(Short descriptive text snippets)

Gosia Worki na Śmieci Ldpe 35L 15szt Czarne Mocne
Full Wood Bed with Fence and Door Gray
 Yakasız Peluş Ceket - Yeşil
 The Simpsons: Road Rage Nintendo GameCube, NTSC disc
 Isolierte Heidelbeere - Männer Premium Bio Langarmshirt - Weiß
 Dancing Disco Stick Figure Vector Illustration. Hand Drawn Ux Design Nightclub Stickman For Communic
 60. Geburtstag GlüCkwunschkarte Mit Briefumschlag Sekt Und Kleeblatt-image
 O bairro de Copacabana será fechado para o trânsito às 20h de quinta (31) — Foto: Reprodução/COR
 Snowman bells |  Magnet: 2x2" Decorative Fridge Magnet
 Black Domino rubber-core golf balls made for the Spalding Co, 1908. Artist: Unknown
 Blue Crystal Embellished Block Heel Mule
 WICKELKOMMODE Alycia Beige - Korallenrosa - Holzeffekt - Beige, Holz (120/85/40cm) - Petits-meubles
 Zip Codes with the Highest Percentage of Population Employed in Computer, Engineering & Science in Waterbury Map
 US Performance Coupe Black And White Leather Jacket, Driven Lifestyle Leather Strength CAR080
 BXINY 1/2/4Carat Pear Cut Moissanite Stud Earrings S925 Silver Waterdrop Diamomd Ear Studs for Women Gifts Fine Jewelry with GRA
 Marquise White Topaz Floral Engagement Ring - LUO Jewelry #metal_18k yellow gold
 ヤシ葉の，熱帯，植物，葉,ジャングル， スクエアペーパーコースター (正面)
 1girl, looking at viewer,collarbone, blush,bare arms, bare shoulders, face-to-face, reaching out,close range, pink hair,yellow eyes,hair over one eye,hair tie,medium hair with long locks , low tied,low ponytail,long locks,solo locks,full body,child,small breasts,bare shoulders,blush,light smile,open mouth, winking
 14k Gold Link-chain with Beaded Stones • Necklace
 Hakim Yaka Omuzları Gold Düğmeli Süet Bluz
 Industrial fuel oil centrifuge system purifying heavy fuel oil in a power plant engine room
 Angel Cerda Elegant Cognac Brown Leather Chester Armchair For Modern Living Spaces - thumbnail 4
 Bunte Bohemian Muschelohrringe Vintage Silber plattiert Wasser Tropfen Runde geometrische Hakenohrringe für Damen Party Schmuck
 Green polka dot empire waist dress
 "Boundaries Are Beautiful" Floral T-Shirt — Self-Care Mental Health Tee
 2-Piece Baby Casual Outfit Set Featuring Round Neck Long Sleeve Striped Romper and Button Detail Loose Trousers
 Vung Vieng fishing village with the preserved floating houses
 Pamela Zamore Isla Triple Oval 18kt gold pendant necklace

Work order: Using the records above, copy word for word the line with "Snowman bells |", the line with "ヤシ葉の，熱帯，植物，葉,ジャングル， スクエアペーパーコースター (正面)", and every line between them.

Task answer:
 Snowman bells |  Magnet: 2x2" Decorative Fridge Magnet
 Black Domino rubber-core golf balls made for the Spalding Co, 1908. Artist: Unknown
 Blue Crystal Embellished Block Heel Mule
 WICKELKOMMODE Alycia Beige - Korallenrosa - Holzeffekt - Beige, Holz (120/85/40cm) - Petits-meubles
 Zip Codes with the Highest Percentage of Population Employed in Computer, Engineering & Science in Waterbury Map
 US Performance Coupe Black And White Leather Jacket, Driven Lifestyle Leather Strength CAR080
 BXINY 1/2/4Carat Pear Cut Moissanite Stud Earrings S925 Silver Waterdrop Diamomd Ear Studs for Women Gifts Fine Jewelry with GRA
 Marquise White Topaz Floral Engagement Ring - LUO Jewelry #metal_18k yellow gold
 ヤシ葉の，熱帯，植物，葉,ジャングル， スクエアペーパーコースター (正面)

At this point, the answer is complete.